Ces grands agrégats ne pouvant, selon leur logique, que chercher un maximum de profit, ils ne s’arrêteront d’en vouloir plus que lorsque les individus seront tellement contraints par leur rythme de travail qu’ils ne seront plus aptes à travailler. Mais les hommes sont résistants, et pour se protéger face aux contestations, le pouvoir financier exige dorénavant la modification du droit pour rester dans la légalité… et pour cause, si le gouvernement ne veut pas garder ses entreprises au sein de son pays, il va bien falloir qu’on rogne sur quelque chose : la justice sociale. Car la concurrence est partout, et l’avance technologique des pays dits développés tend à se réduire avec le temps : la faute à la mondialisation…
Une mondialisation que les pays riches tentent de conserver à leur avantage. Pour préserver cette avance et éviter des désagréments judiciaires, des nouvelles lois comme ACTA vont ainsi permettre de protéger les brevets, droits d’auteurs, ainsi que de supprimer, en même temps qu’elle offrira des revenus supplémentaires aux grands groupes technologiques de surveillance, la contestation dont internet est un média porteur. De même pour la nouvelle loi concernant la suppression du juge d’instruction (en même temps que de réduire considérablement le temps de prescription concernant les affaires…de corruption bien sûr !), qui nous éclaire sur les intentions de nos élites.
C’est donc en regardant les choses sous l’angle philosophique que l’on comprend pour quelles raisons on ne fermera pas les bourses, ni n’interdira les paris sur les fluctuations : à moins que de remettre en cause tout l’équilibre du monde (et la domination de l’argent et du pouvoir unis contre la justice sociale, au nom de la liberté et de la concurrence), personne ne peut envisager la mise en place de ces deux mesures.

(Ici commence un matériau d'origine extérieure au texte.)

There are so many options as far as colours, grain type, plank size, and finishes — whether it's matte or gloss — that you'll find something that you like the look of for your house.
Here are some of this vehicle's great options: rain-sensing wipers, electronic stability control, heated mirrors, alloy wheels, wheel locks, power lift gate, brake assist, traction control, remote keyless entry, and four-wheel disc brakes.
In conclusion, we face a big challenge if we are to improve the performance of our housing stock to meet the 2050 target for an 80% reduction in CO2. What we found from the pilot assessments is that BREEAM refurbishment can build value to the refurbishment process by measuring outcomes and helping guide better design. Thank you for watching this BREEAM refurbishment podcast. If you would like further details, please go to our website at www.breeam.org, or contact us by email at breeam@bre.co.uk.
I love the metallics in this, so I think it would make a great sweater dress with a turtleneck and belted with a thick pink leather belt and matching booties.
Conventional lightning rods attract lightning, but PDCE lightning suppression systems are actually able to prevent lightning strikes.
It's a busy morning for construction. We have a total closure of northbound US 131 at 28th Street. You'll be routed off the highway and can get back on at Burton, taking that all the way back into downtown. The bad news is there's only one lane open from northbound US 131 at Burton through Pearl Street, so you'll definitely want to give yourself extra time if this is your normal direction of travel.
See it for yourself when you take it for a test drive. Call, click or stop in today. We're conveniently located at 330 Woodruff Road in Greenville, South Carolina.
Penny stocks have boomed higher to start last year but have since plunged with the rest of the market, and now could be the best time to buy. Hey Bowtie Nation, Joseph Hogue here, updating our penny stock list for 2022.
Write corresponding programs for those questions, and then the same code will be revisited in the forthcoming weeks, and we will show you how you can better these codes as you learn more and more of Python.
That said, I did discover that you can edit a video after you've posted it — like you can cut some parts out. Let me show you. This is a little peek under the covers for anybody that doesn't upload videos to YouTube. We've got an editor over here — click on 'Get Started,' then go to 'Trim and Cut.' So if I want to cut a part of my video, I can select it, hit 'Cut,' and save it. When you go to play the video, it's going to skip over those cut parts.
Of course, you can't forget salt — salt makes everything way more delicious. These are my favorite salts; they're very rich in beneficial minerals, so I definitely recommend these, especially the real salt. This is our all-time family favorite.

Car si une telle mesure était prise, tous les gouvernements des pays riches se trouveraient très vite sur la paille, les entreprises quittant les territoires concernés pour aller s’installer ailleurs… nous conduisant rapidement dans la position des ces immigrés sur qui l’on jette l’opprobre.
Alors qu’une fois les pouvoirs financier et politique associés, la justice dépendante et les libertés contrôlées, c’est à un bien meilleur avenir qu’ils s’occupent, comme tous les gouvernants de tous les pays en difficulté, et à toutes les époques : aller chercher les richesses là où elles se trouvent, comme en Irak ou en Iran… on attaque la population, on détruit son infrastructure, on place un nouveau chef, on asservit la population, et on la fait travailler pour pas cher au profit de nos monopoles qui servent les intérêts communs des deux précédents pouvoirs… en nous laissant un peu tranquilles… même si cela est injuste.
La seule question reste de savoir si, comme à l’époque coloniale, on se battra aussi ensemble…
Alors, pour toutes ces raisons, non monsieur Lordon, non monsieur Jorion, ce n’est pas les bourses qu’il faut supprimer ni les paris, mais l’argent. Si on veut aller jusqu’au bout de votre raisonnement, la seule manière d’atteindre à la fois la justice et de conserver la liberté, c’est de supprimer l’argent. Et assumer le fait qu’il faut cesser de faire de l’économie, pour retourner à la philosophie.